What to do: Repeat the listing exactly, minus the pictures.

[[ Recorded information, beginning ]]

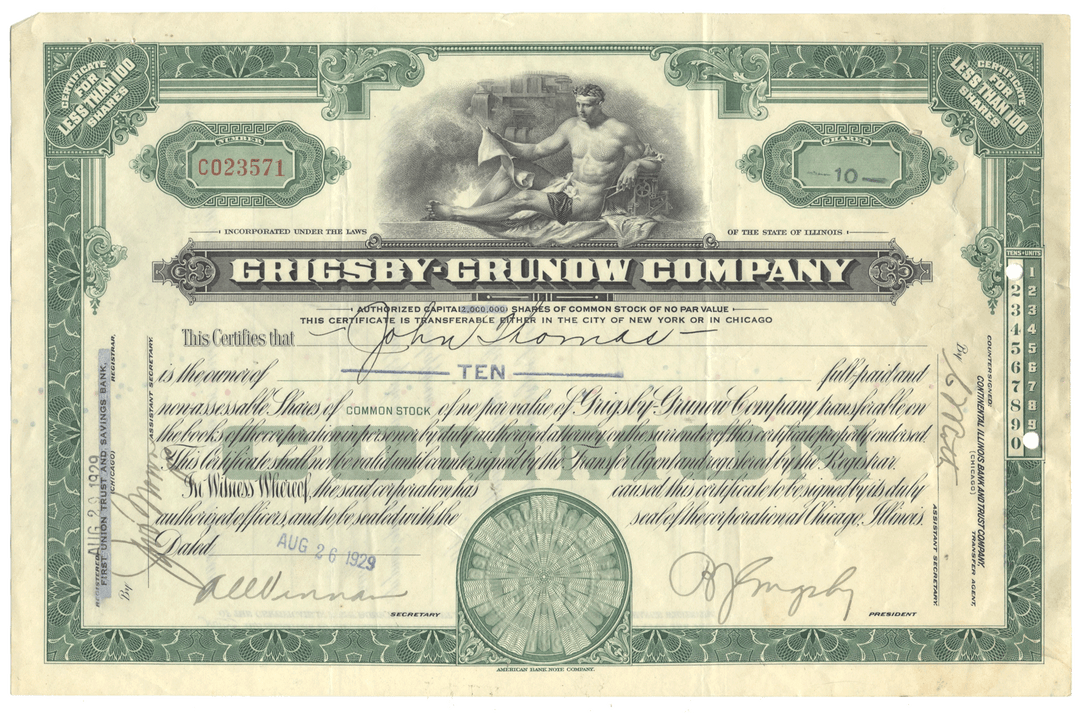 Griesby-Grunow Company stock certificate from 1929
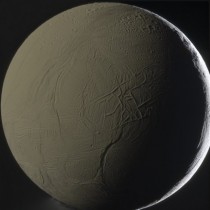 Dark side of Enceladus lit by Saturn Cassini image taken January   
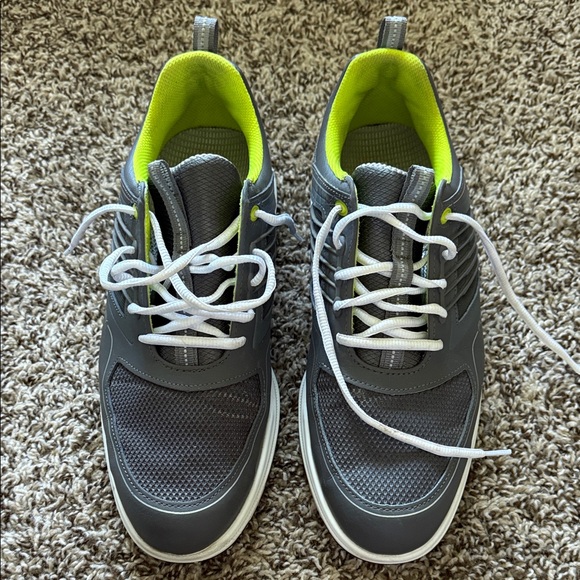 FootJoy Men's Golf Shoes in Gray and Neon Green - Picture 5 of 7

[[ Recorded information, end ]]

Solution below:
 Griesby-Grunow Company stock certificate from 1929
 Dark side of Enceladus lit by Saturn Cassini image taken January   
 FootJoy Men's Golf Shoes in Gray and Neon Green - Picture 5 of 7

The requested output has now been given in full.